[Short descriptive text snippets]
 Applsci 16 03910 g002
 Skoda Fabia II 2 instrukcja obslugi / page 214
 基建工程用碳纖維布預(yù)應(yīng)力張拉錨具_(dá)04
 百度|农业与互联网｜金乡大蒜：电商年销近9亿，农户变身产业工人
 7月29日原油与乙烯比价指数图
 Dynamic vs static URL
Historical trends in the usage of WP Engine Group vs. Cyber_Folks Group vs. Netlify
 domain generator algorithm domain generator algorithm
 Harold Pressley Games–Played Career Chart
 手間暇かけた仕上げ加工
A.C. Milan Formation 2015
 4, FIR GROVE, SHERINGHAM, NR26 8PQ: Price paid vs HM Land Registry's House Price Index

• **TASK DESCRIPTION**
This task calls for an exact reproduction of the lines that start at the one containing "Harold Pressley Games–Played Career Chart" and continue to the end of the entries above.

• **THE COMPLETED TASK**
 Harold Pressley Games–Played Career Chart
 手間暇かけた仕上げ加工
A.C. Milan Formation 2015
 4, FIR GROVE, SHERINGHAM, NR26 8PQ: Price paid vs HM Land Registry's House Price Index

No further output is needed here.